## Brief
Output, exactly as written, the lines below starting at the line containing "I would definitely" and ending at the line containing "I demonstrated a". Drop the pictures and keep both end lines.

Items from a data source:
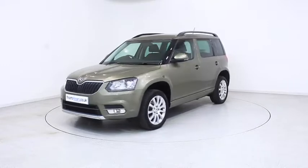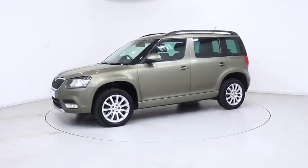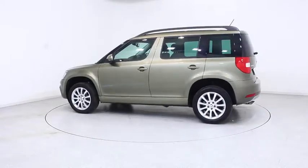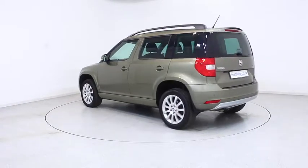Ready for you to view, try and drive away the very same day. The Skoda has been through our extensive mechanical and preparation process to ensure it's in perfect condition.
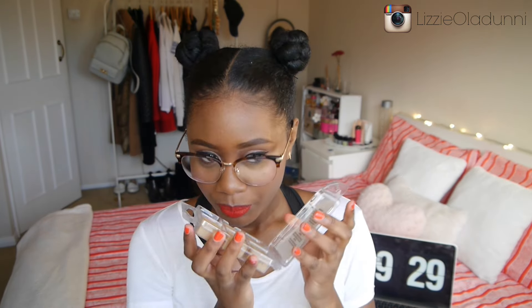I would definitely recommend the Glade wax melts. I'm not sure about all the other scents — some didn't have the best reviews — but this one smells so good. I actually love this scent so much that I want it as a perfume. I would genuinely wear this as a perfume, it smells that good. Go check them out, they're amazing.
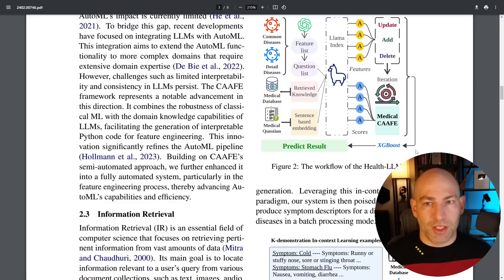I demonstrated a medical intake form project a while back that used a language model to ask counterfactual questions. This HealthLLM system does a bit more — they connected a medical database and medical questionnaires. This whole thing basically approximates some of what an actual medical professional does.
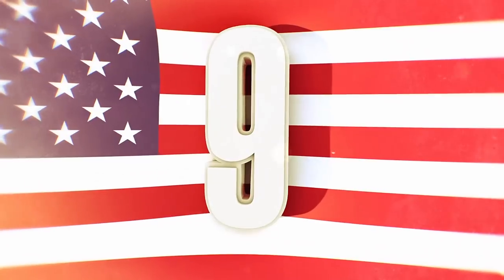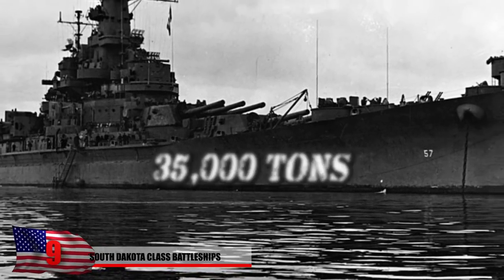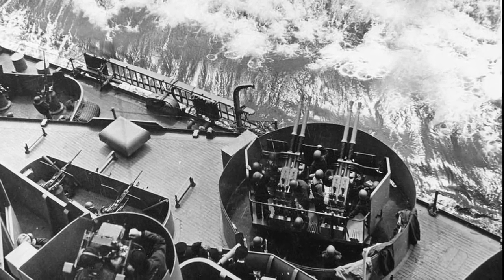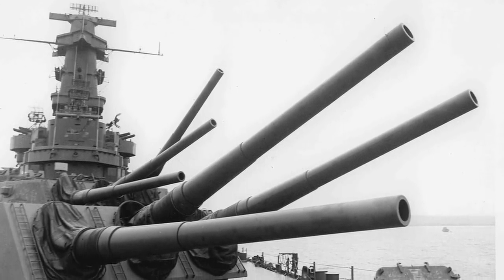Number 9: the South Dakota class battleship. Four fast battleships made up the South Dakota class, built by the US Navy. According to treaties, they were only able to reach 35,000 tons of water displacement, considered one of the best classes following international agreements after World War I. But not every country followed the rules — after Japan was caught breaking them, the US and UK eventually agreed that 45,000 tons was fair. The main battery consisted of nine 16-inch guns as well as sixteen 5-inch 38-caliber Mark 12 guns.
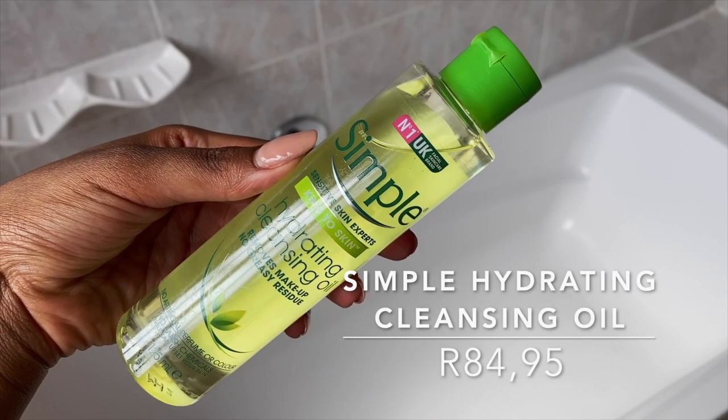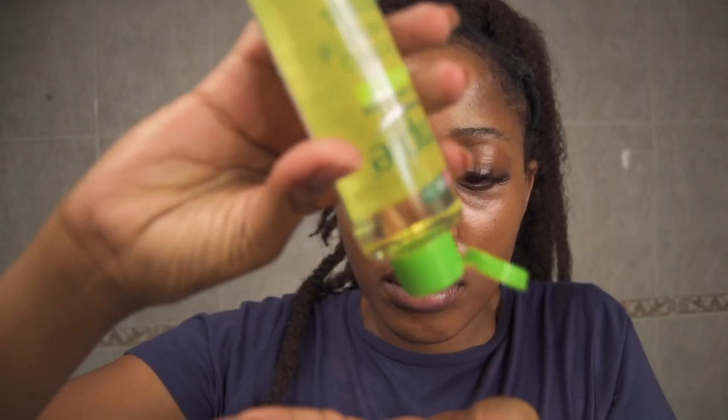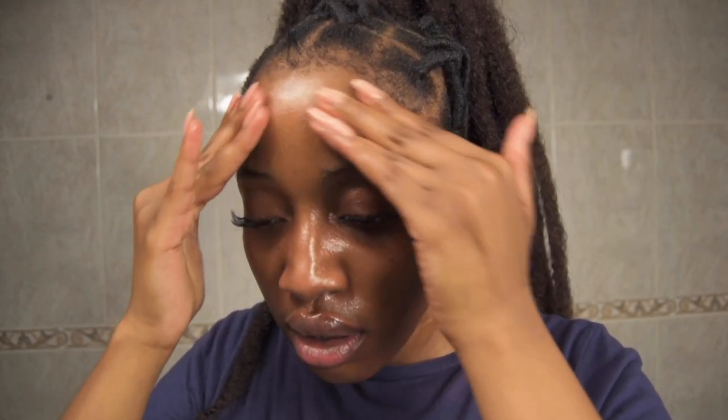I'm going in with the Simple Hydrating Cleansing Oil. I really love this oil cleanser because it's affordable with a simple ingredient list. If you've got oily skin and you're scared of oil cleansing, please just give it a try — cleansing oils are a gentle way of removing sunscreen and makeup, and they wash away excess sebum and blackheads stuck in the pores without leaving skin feeling dry. The main ingredient is grapeseed oil, making up 70% of the ingredient list.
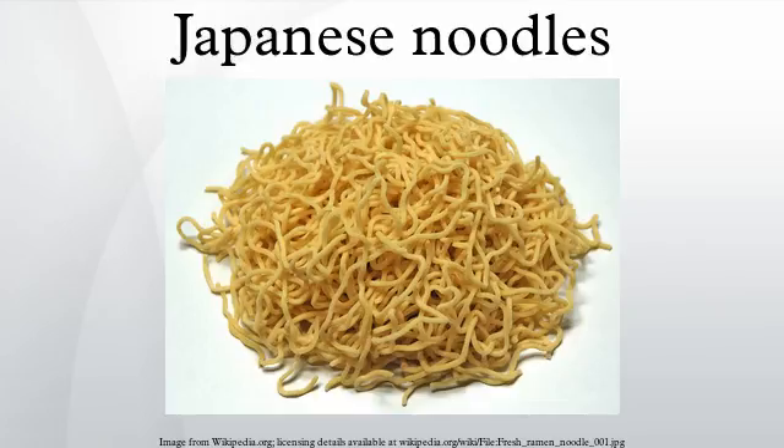The noodles may vary in shape, width, and length. They are served in a broth. Examples of ramen dishes are miso ramen, shio ramen, tonkotsu ramen, and shoyu ramen.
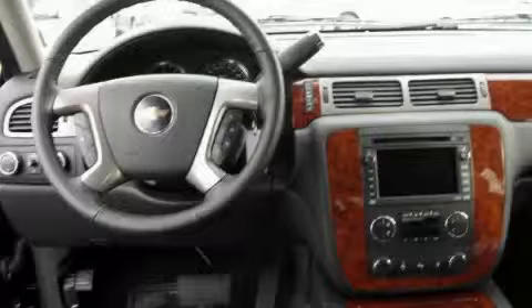The dependable eight-cylinder engine, connected to a smooth shifting automatic transmission, creates ample amounts of power whether you're towing or just driving around.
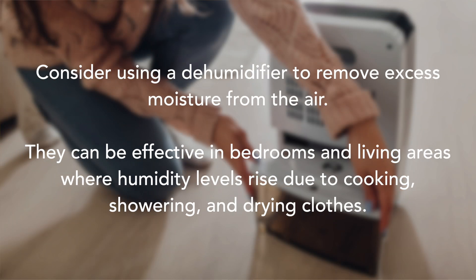If your home tends to feel damp, consider using a dehumidifier to remove excess moisture from the air. They can be particularly effective in bedrooms and living areas where humidity levels may rise due to cooking, showering and drying clothes indoors.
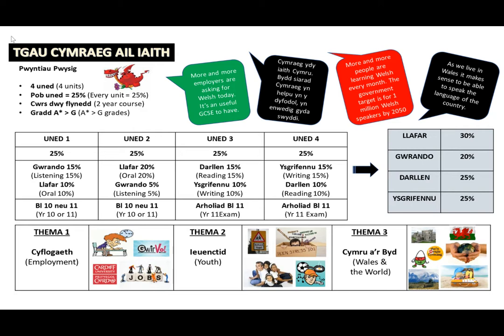The course covers three broad main themes of employment, youth and Wales in the world.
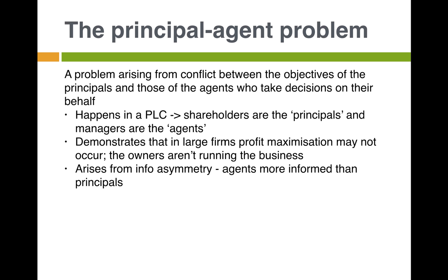Another thing we look at with types of firms is the principal-agent problem — also called the principal-agency problem. What is it? It's a problem arising from conflict between the objectives of the principals and those of the agents who take decisions on their behalf. The principals are the shareholders — the people putting money into the company — and the agents are the managers. This occurs in a public limited company where shareholders delegate day-to-day decisions to managers who act on their behalf.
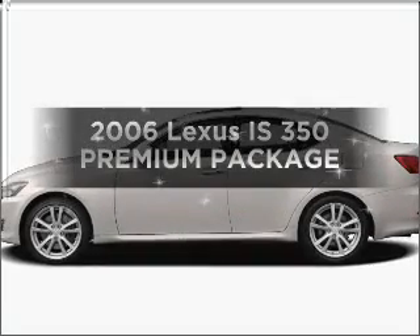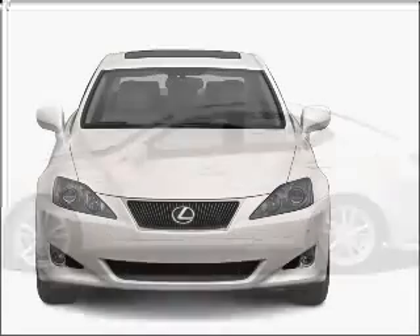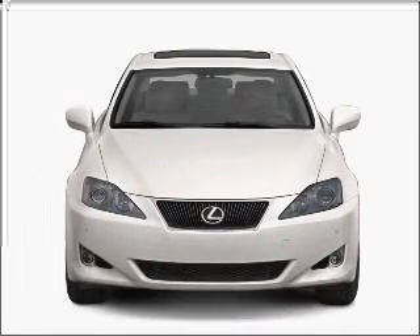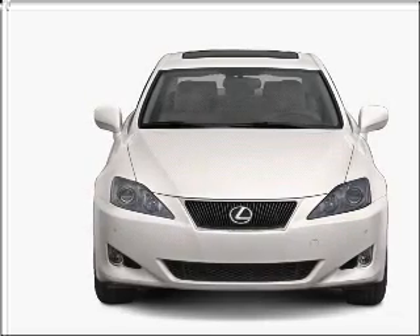Introducing the 2006 Lexus IS350. Travel the roads in style and comfort in this great vehicle, with a reliable six-cylinder engine that responds smoothly to its six-speed automatic transmission.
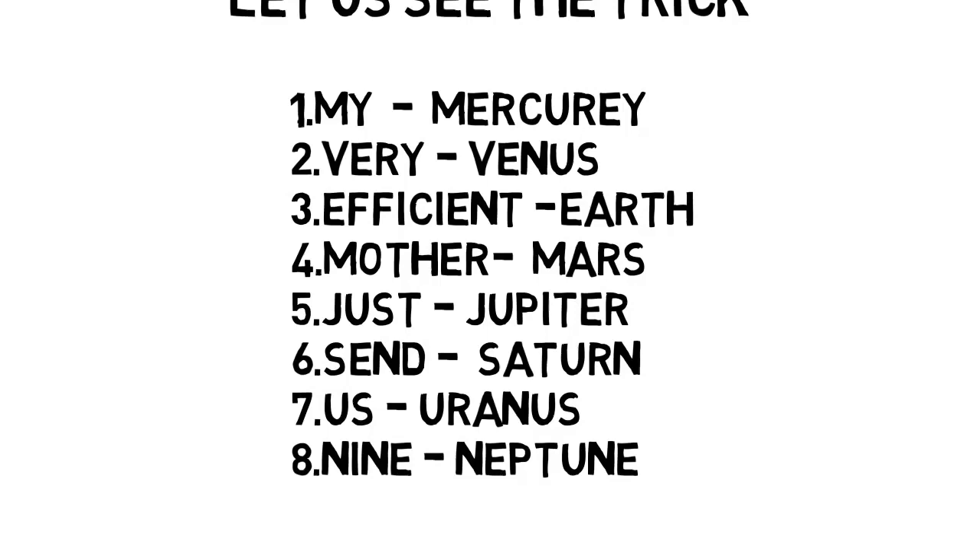I will tell you a trick — how to remember these eight keywords in the form of a story so that you can remember all eight keywords easily without any confusion. See the trick and the story behind these eight words: 'My very efficient mother just send us nine pizzas.' I will repeat it once again — my very efficient mother just send us nine pizzas.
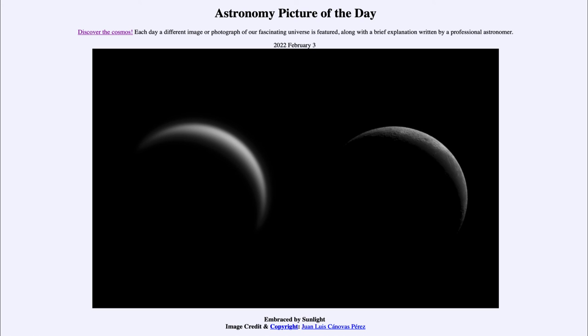So here we get to see both of those objects — Venus on the left, Moon on the right — both at roughly the same level of illumination, taken just a few days ago. That was our picture of the day for February 3rd of 2022, titled Embraced by Sunlight. We'll be back again tomorrow for the next picture. Until then, have a great day everyone, and I will see you in class!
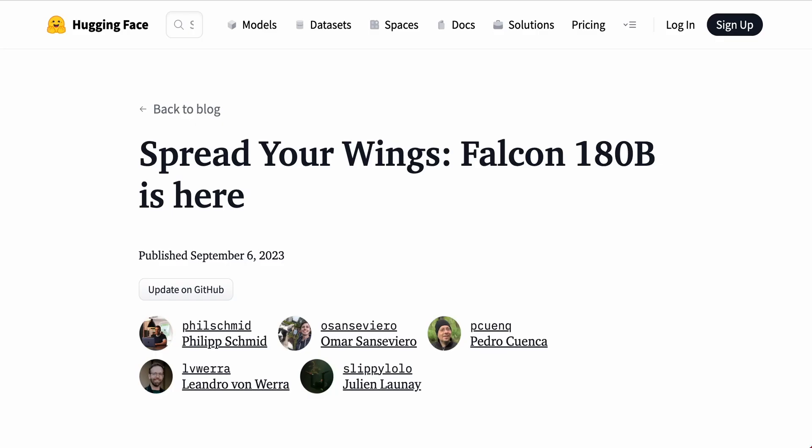And then we'll talk about what it means in the context of the debate around whether these super powerful advanced models should be open source. First, let's go to the blog post on Hugging Face called "Spread Your Wings: Falcon 180B is here."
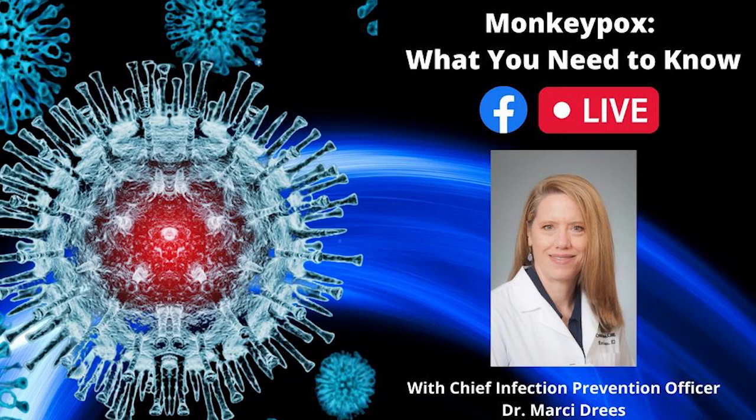Good afternoon, and thank you for joining us for this live conversation. The current monkeypox outbreak is now a public health emergency in the United States, with more than 8,000 cases in the U.S. To talk about signs and symptoms of monkeypox and how to protect yourself, we've brought in Christiana Care's Chief Infection Prevention Officer, Dr. Marcy Dries. Dr. Dries, thanks so much for being here today.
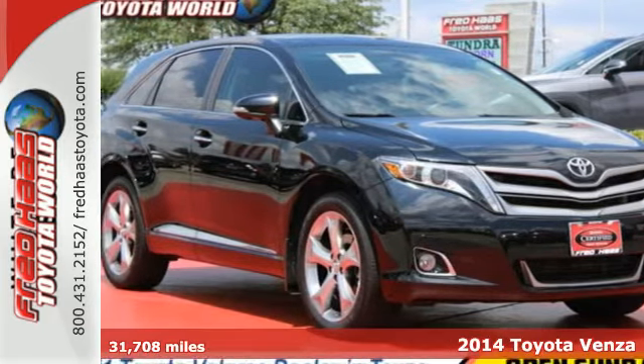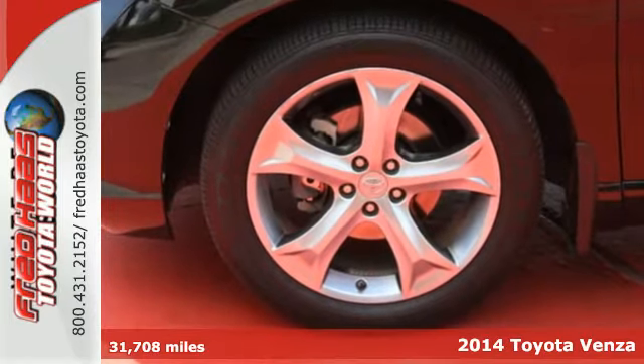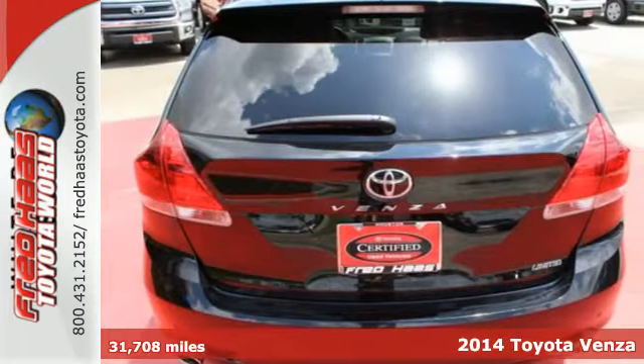It's a 2014 Toyota Venza. Offering sophisticated design and a versatile interior, this wagon is the perfect choice for families on the go.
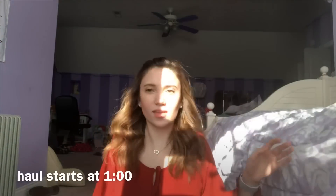Merry Christmas, you filthy animal! Alexa, play Jingle Bell Rock. Hey guys, so Merry Christmas, and I decided let's do a Christmas haul.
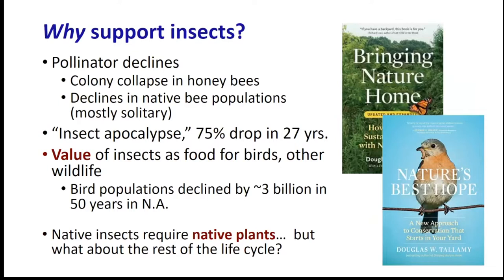Why would you want to support insects in your landscape? We're all aware that pollinators are on the decline, beginning with reports of colony collapse in honeybees, but also declines in native bee populations - mostly solitary native bees - have been substantial. Pollination is very important, both for supporting crop species but also for our native plants and flowers.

## Reply
I would definitely recommend the Glade wax melts. I'm not sure about all the other scents — some didn't have the best reviews — but this one smells so good. I actually love this scent so much that I want it as a perfume. I would genuinely wear this as a perfume, it smells that good. Go check them out, they're amazing.
I demonstrated a medical intake form project a while back that used a language model to ask counterfactual questions. This HealthLLM system does a bit more — they connected a medical database and medical questionnaires. This whole thing basically approximates some of what an actual medical professional does.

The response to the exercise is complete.